Reconfigurable Compile-Time Superscalar Computer Architecture
The Simultaneous Multi-Processor (SMP) is a software-defined entity embodying a simultaneous process in hardware. Each SMP core includes multiple simultaneous processes.

The simultaneous processor owns a component of a process state calculator, which generates a process state.

The simultaneous processor owns instructed resources. Ownership may vary for different tasks, but is fixed in one task.

Each instructed resource includes a local instruction processor, which responds to the process state.

The local instruction processor generates a local instruction to instruct its data processing resource, such as a data memory port or an adder.

Owning a resource means only one process can stimulate its instruction processing, so there can be no resource collisions.

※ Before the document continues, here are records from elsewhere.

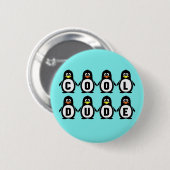 Badge Rond 5 Cm Bouton "Cool Dude" Pingouins (Devant & derrière)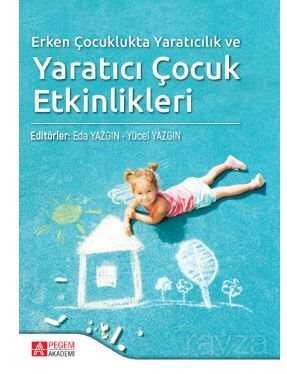 Erken Çocuklukta Yaratıcılık ve Yaratıcı Çocuk Etkinlikleri - Pegem Akademi Yayıncılık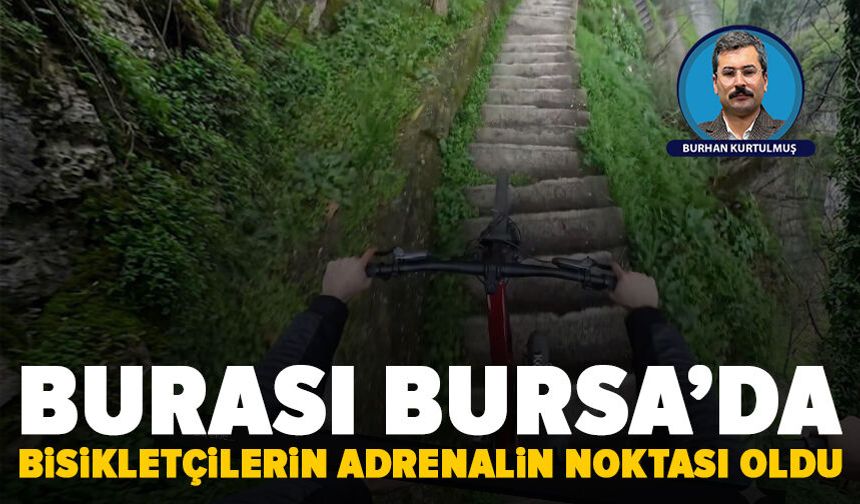 Bursa’da bisikletçilerin adrenalin noktası oldu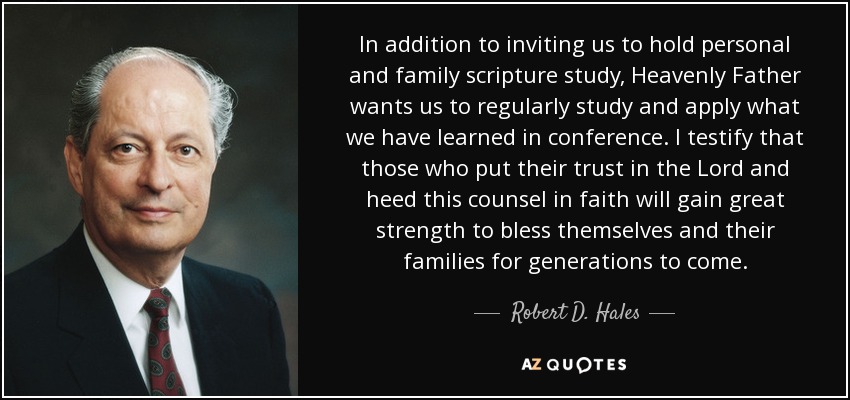 In addition to inviting us to hold personal and family scripture study, Heavenly Father wants us to regularly study and apply what we have learned in conference. I testify that those who put their trust in the Lord and heed this counsel in faith will gain great strength to bless themselves and their families for generations to come. - Robert D. Hales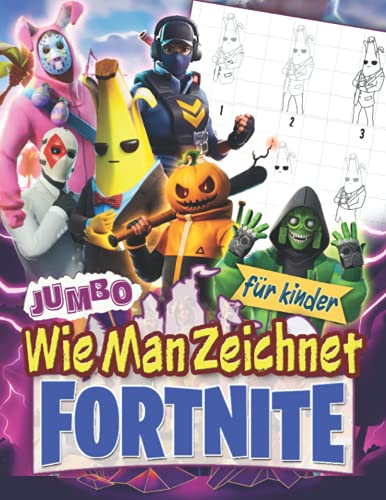 Fórtnite Wie Man Zeichnet: Fórtnite Zeichnung Buch Für Kinder Schritt für Schritt-Zeichnungen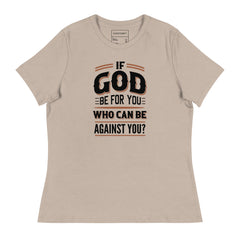 IF GOD BE FOR YOU WHO CAN BE AGAINST YOU?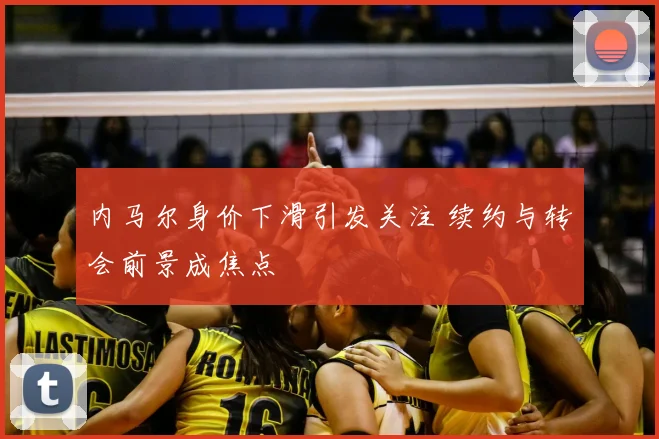 内马尔身价下滑引发关注 续约与转会前景成焦点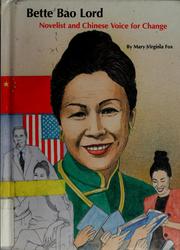 Cover of: Bette Bao Lord: novelist and Chinese voice for change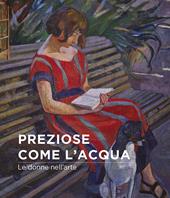 Preziose come l'acqua. Le donne nell'arte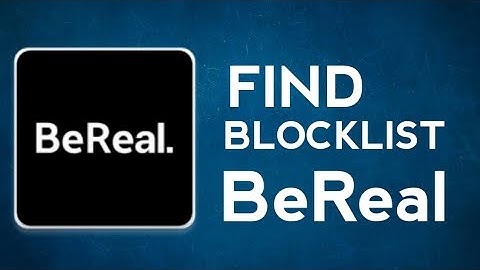 How to find blocklist in BeReal App
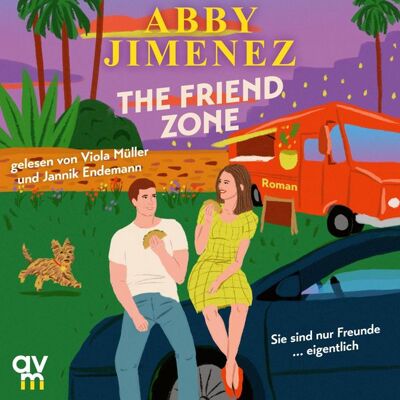 Audio Verlag München The Friend Zone Audio Verlag München The Friend Zone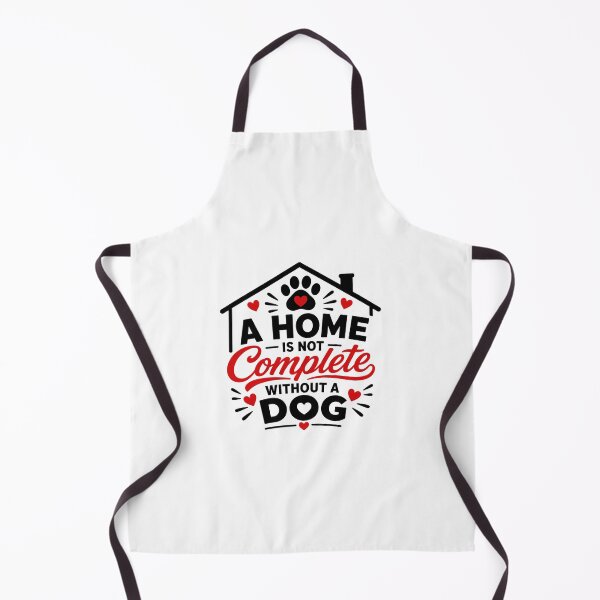 Item preview, A Home Is Not Complete Without a Dog | Dog Lover House Typography designed and sold by tmachtan.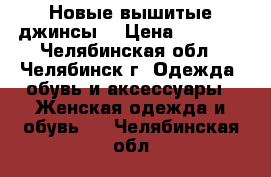 Новые вышитые джинсы. › Цена ­ 1 500 - Челябинская обл., Челябинск г. Одежда, обувь и аксессуары » Женская одежда и обувь   . Челябинская обл.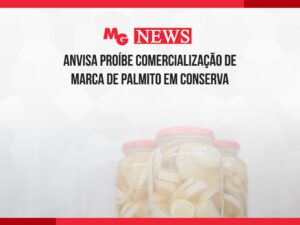 ANVISA PROÍBE COMERCIALIZAÇÃO DE MARCA DE PALMITO EM CONSERVA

The Simultaneous Multi-Processor (SMP) core’s simultaneous process state calculator issues two process states on each clock cycle, simultaneously executing the SP and the PP of the Amdahl-compliant program.

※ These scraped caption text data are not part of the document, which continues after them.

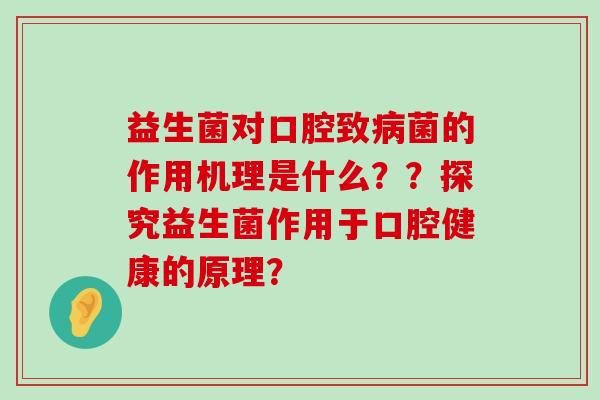 益生菌对口腔致病菌的作用机理是什么？？探究益生菌作用于口腔健康的原理？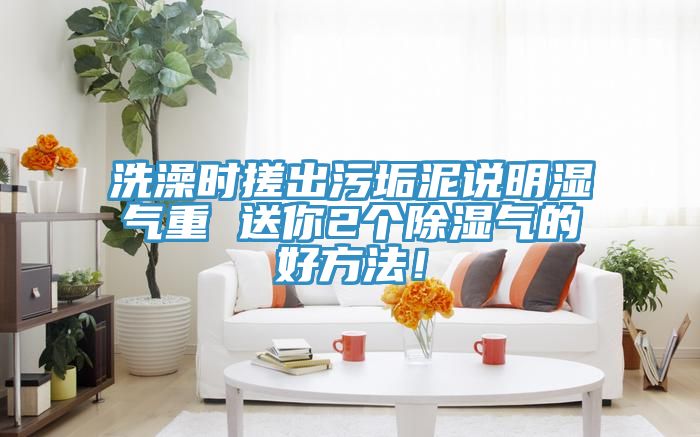 洗澡时搓出污垢泥说明湿气重 送你2个除湿气的好方法！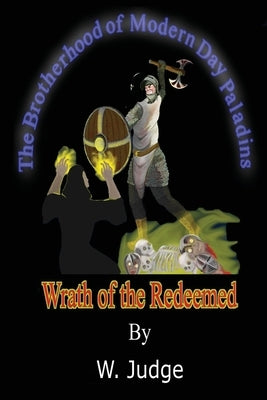 Wrath of the Redeemed by Judge, W.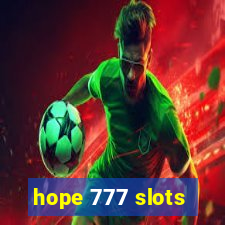 hope 777 slots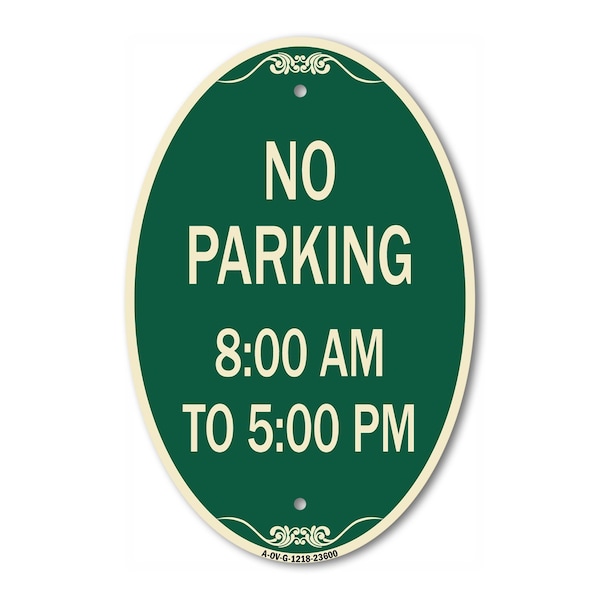 Signmission No Parking 8-00 Am to 5-00 Pm, 12 Inch X 18 Inch Architectural Oval, Heavy Gauge Aluminum A-OV-G-1218-23600 - main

This contrasts with a scalar microprocessor (von Neuman computer), which executes, at most, one of the processes at a time.

Superscalar microprocessors also support simultaneous performance of SP and PP processes, but only with a very large increase in circuitry and energy consumption. **SMP cores substantially reduce energy consumption and silicon size.**
SMP cores enable virtual VLIW space.

SMP cores make VLIW practical.

For example, assume the sequential processes and the parallel processes of an Amdahl-compliant program have eight, separately accessible, local, process-owned instructions.

A VLIW instruction memory supporting these same eight, independent operations requires a much larger VLIW memory of 64 instructions.
The process state calculator generates a usage vector for each process. This usage vector indicates which instructed resources are owned, and used, by a process on each execution wave front.

A gated resource power is generated by the power gate in response to the Use bit of the usage vector for an instructed resource.

The instructed resource uses the gated resource power as the execution wave front traverses the instructed resource.

Some implementations may gate the clock to effect control of the power.
A Simultaneous Multi-Processor (SMP) core

An Execution Wave Front is initiated on each clock cycle.

Task-instruction controller

Pipe zero

Pipe one

Pipe two

Pipe three

Pipe four

Application compatibility
Application compatibility is achieved by insuring the SMP core modules are *semantically compatible* with an existing superscalar microprocessor.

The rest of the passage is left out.